• Supplied information
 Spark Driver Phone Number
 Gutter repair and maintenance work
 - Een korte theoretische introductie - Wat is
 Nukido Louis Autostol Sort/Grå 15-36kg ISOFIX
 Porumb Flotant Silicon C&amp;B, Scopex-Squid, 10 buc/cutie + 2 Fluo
--
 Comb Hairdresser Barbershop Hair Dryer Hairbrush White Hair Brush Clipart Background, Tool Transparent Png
* * *
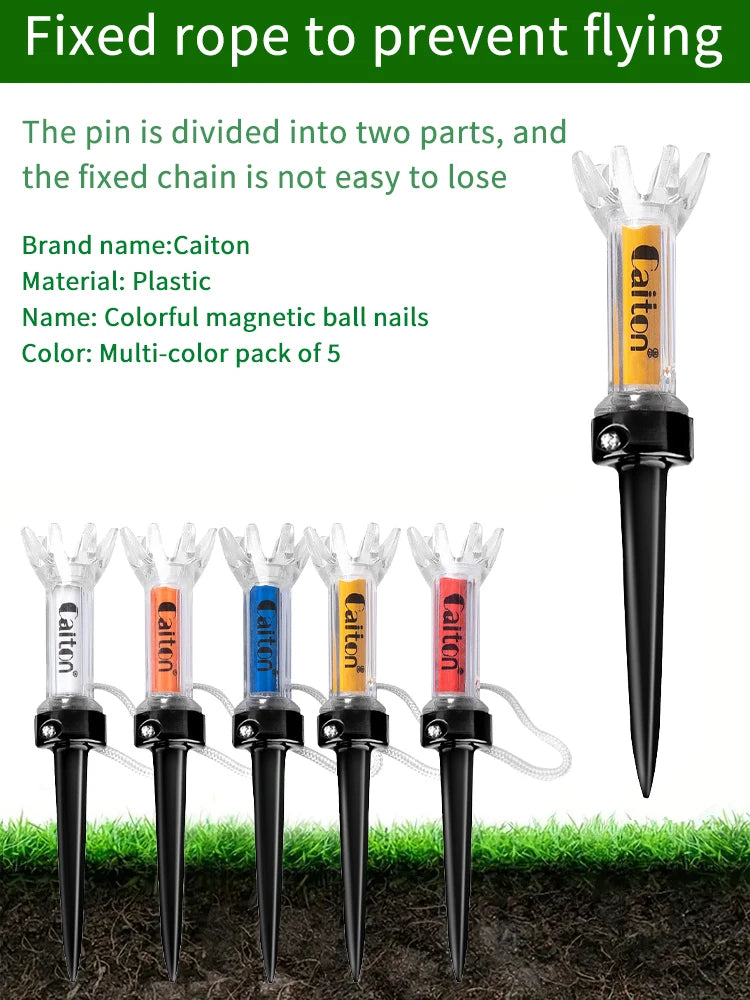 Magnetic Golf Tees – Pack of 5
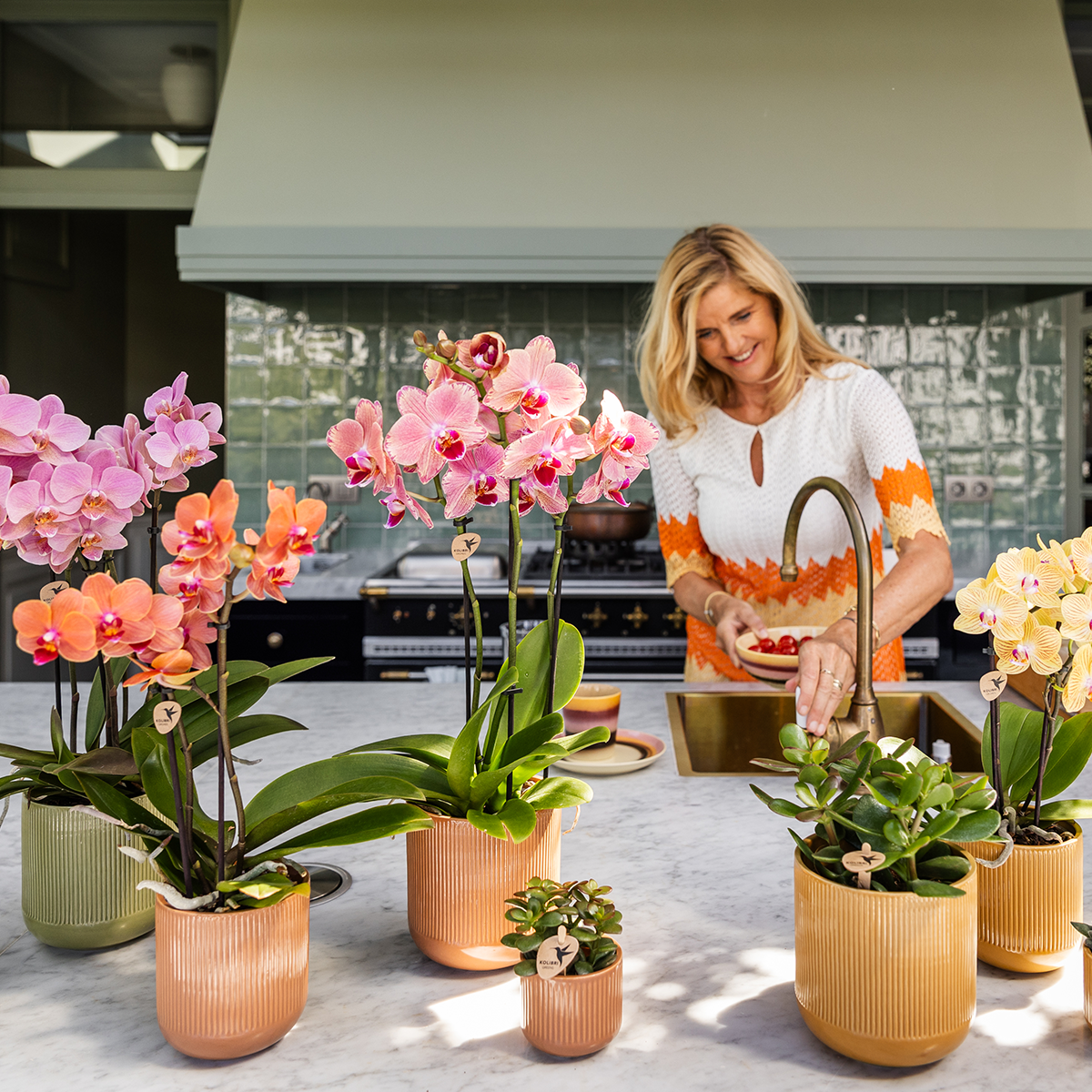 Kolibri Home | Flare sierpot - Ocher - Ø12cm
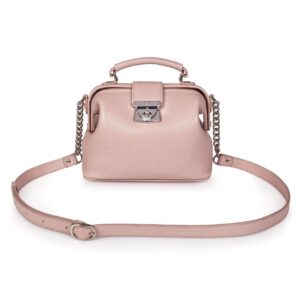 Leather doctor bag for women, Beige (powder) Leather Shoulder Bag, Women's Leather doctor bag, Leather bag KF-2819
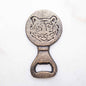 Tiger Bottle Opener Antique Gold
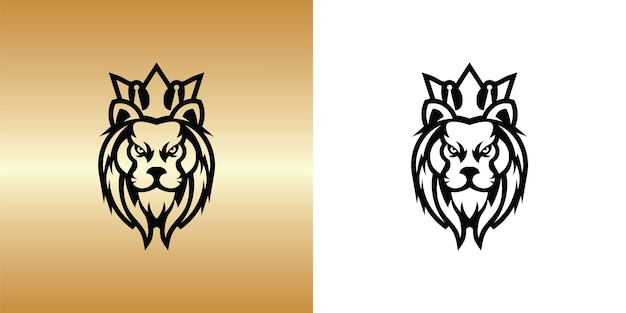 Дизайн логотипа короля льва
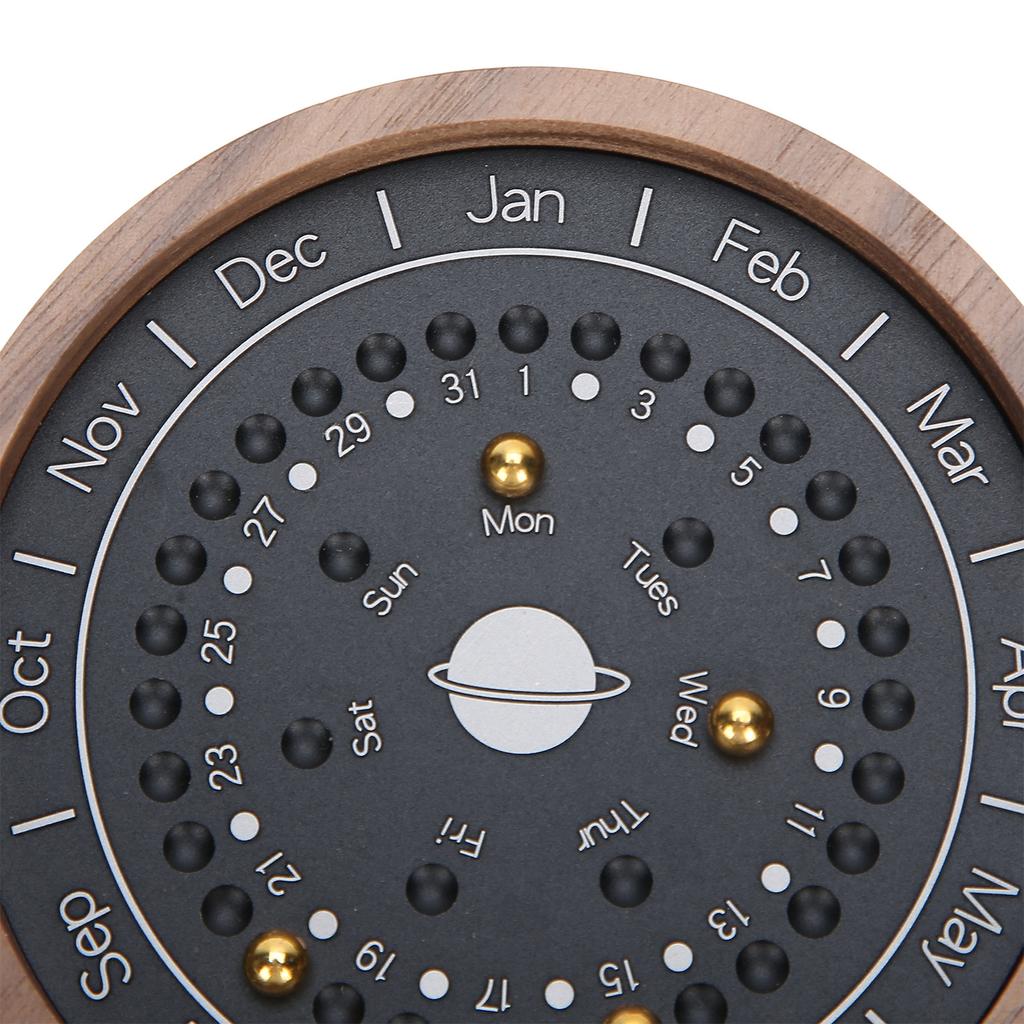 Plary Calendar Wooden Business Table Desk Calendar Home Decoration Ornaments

• Task to carry out
All lines above between those holding "Spark Driver Phone Number" and "Porumb Flotant Silicon", inclusive, must be set down unchanged, and no other line may be included.

• Written response
 Spark Driver Phone Number
 Gutter repair and maintenance work
 - Een korte theoretische introductie - Wat is
 Nukido Louis Autostol Sort/Grå 15-36kg ISOFIX
 Porumb Flotant Silicon C&amp;B, Scopex-Squid, 10 buc/cutie + 2 Fluo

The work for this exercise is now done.